J.K. Rowling is an expert at projecting expectations onto her readers, and then as soon we’re hooked she surprises us with a completely different resolution than what we had expected. This is, in part, what I believe makes the stories so interesting. The first time I read through the series (as a girl who was about the age as the members of the trio) I was purely interested in hearing the stories, and allowing Rowling to take me on a journey into the magical world. But as I grew older and was continuing to be more invested in the characters, I began to search for answers. I desperately wanted to discover what would happen between Harry and Lord Voldemort, or if Ron and Hermione would ever get together.

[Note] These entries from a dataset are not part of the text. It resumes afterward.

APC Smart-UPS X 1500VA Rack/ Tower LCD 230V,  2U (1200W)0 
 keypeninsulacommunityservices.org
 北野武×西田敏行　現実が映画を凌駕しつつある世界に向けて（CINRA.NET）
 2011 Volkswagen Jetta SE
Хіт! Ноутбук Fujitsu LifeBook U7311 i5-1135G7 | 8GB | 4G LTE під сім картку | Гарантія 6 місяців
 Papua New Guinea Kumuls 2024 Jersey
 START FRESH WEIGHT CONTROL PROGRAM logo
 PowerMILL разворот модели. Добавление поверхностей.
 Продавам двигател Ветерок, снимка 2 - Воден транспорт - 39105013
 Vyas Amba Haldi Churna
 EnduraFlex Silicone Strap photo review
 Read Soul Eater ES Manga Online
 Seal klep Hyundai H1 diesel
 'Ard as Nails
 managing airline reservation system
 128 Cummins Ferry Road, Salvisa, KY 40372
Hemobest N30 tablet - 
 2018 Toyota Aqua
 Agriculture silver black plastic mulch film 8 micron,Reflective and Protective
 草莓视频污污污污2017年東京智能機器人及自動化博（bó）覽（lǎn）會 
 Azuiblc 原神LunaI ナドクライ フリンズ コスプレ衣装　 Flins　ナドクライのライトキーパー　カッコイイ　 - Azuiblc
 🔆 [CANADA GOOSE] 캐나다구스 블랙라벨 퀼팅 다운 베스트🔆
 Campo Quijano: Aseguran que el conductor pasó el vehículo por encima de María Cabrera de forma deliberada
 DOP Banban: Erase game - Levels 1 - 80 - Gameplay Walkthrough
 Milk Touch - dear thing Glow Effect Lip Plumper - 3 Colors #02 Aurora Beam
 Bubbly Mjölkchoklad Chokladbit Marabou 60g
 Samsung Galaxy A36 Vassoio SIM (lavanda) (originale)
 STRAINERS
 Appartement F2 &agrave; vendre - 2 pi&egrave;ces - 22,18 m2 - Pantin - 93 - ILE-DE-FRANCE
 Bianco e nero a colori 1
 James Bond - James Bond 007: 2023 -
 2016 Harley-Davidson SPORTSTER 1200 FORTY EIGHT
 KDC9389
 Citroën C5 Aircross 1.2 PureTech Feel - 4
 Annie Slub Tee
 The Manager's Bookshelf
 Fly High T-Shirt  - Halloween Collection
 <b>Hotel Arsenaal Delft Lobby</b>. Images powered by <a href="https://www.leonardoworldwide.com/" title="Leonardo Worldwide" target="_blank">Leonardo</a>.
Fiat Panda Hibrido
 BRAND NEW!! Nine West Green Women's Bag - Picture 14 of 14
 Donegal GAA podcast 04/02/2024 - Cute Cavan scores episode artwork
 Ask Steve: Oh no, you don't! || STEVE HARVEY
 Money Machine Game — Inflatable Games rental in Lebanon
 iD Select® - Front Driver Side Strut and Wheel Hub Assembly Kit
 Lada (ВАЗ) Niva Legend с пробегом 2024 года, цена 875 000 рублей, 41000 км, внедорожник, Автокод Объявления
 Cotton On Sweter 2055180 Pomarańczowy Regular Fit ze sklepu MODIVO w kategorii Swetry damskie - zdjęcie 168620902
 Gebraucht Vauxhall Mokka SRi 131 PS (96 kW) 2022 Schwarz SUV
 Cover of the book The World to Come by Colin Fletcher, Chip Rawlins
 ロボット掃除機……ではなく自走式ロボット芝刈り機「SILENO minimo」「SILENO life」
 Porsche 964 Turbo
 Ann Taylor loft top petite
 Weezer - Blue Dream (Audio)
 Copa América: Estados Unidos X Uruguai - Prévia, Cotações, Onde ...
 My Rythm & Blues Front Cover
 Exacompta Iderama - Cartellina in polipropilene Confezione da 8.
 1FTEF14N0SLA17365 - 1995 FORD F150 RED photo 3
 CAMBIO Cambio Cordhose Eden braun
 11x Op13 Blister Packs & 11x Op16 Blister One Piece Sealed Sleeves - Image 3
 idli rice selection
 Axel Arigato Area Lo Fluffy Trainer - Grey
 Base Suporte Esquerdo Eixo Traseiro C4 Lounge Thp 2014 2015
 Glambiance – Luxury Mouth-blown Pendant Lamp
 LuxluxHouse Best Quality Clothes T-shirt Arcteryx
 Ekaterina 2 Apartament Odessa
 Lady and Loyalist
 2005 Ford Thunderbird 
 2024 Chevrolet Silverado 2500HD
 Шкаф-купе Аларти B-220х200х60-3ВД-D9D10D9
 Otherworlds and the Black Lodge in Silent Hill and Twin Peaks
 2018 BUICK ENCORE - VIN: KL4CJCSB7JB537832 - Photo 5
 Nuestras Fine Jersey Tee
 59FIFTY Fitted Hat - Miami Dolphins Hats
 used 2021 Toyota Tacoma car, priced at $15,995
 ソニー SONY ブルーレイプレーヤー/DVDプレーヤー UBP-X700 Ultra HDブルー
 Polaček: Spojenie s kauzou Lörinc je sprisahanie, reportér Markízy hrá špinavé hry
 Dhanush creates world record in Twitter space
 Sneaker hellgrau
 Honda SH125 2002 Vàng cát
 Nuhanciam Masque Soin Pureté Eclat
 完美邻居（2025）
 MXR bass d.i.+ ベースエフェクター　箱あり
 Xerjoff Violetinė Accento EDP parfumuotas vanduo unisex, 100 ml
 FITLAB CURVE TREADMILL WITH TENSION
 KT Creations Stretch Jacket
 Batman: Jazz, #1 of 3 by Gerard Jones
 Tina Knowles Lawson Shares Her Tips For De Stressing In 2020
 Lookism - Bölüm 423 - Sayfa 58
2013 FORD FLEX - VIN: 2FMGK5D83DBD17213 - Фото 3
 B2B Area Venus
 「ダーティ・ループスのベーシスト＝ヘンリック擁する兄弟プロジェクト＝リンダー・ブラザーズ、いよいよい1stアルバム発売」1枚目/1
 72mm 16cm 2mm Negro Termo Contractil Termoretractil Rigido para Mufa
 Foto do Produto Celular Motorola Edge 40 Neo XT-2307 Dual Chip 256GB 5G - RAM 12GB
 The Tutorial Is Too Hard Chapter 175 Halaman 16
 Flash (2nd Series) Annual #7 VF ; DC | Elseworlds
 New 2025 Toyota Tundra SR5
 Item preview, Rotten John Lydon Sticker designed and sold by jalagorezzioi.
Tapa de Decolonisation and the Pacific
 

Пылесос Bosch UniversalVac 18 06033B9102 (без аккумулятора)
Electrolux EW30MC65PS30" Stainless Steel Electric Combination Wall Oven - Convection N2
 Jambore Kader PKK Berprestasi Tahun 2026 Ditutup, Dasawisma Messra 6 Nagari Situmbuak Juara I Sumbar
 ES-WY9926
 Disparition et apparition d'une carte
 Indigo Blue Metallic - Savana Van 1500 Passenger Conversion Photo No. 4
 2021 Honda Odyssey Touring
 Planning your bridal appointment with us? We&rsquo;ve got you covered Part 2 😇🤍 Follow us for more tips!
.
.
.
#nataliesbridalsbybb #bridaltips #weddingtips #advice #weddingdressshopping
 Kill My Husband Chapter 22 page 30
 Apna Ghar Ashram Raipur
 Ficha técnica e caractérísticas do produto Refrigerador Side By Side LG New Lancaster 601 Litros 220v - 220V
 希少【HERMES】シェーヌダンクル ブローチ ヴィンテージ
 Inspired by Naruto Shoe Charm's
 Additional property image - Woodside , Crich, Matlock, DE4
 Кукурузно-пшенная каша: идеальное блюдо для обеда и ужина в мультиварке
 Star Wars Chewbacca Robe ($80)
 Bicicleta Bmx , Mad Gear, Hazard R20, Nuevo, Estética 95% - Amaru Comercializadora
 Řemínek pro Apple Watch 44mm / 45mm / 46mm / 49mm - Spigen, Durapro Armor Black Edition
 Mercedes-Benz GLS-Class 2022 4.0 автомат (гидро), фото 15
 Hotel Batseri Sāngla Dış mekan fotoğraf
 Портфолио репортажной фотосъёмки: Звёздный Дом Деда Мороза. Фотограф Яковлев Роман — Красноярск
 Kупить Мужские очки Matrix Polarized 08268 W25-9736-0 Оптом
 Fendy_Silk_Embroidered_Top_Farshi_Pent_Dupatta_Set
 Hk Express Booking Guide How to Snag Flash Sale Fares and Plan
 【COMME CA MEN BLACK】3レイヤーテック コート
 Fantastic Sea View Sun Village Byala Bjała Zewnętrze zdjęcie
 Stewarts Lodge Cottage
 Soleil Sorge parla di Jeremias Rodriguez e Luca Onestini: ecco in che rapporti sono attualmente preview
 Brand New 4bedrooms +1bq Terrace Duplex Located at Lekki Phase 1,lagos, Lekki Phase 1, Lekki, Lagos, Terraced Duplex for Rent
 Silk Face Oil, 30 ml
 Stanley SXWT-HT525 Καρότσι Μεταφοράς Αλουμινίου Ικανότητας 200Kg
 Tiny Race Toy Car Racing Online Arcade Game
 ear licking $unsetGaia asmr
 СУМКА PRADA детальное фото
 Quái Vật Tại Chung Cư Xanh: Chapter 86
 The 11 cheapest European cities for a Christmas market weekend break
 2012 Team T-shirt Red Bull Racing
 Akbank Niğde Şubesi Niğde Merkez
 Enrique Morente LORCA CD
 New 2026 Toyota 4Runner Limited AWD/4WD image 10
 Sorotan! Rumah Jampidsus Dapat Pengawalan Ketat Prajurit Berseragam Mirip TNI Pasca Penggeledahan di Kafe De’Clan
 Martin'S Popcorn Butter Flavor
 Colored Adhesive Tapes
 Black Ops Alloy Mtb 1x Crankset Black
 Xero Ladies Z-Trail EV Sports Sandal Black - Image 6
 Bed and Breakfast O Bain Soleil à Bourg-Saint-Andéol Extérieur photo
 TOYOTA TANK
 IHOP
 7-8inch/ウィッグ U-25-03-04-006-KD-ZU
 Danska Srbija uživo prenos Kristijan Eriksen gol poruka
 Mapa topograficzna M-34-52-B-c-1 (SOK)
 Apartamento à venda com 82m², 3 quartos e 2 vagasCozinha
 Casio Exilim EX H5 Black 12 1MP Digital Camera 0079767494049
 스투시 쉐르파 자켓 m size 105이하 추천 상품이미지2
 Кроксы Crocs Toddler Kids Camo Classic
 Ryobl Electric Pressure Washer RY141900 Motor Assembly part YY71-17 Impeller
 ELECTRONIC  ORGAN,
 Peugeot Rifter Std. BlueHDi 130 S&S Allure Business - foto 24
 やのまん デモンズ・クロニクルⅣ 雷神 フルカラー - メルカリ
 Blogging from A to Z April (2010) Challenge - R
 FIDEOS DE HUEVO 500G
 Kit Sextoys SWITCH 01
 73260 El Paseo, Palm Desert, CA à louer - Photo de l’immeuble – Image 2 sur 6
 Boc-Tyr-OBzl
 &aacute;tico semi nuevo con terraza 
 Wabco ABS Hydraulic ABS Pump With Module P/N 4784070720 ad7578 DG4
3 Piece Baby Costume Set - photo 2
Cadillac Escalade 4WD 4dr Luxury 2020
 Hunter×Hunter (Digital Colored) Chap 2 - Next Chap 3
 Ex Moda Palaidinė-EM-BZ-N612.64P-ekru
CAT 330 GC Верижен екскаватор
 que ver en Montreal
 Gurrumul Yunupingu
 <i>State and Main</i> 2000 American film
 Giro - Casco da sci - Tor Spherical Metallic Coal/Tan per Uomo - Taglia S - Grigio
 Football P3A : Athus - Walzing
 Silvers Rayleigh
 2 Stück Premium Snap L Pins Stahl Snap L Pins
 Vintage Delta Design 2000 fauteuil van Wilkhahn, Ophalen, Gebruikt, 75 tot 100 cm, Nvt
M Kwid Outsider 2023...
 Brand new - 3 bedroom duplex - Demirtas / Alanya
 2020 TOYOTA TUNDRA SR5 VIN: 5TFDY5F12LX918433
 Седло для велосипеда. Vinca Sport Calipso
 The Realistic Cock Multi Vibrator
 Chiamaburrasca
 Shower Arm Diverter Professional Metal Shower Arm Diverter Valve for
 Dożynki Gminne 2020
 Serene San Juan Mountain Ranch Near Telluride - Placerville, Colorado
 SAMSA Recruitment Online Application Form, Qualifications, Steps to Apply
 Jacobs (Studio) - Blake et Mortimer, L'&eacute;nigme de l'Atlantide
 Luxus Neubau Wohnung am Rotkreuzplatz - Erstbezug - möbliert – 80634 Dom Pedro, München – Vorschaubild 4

Even as I was searching for these answers, however, Rowling was always one step ahead of me, purposely using details that she knew I (and so many others) would believe was foreshadowing. For example; in the first book I completely fell for the idea that mean Professor Snape was trying to get the sorcerer’s stone and that he had been the one to curse Harry’s broomstick. When it turned out that “poor, stuttering Professor Quirrell” was the actual pursuer of the stone I was shocked! However, this shock made the story more interesting because it meant that I hadn’t found out the ending—like I could in so many other, simpler novels.
This technique of unfulfilled expectations is one of the many that makes Rowling’s work so intriguing. Often times the expectations are fulfilled—a professor was sneaking around Hogwarts in order to steal the stone—but the expectations of the characters in the novel and of the readers (especially the trio) always turn out to be much less extravagant Rowling’s actual conclusion.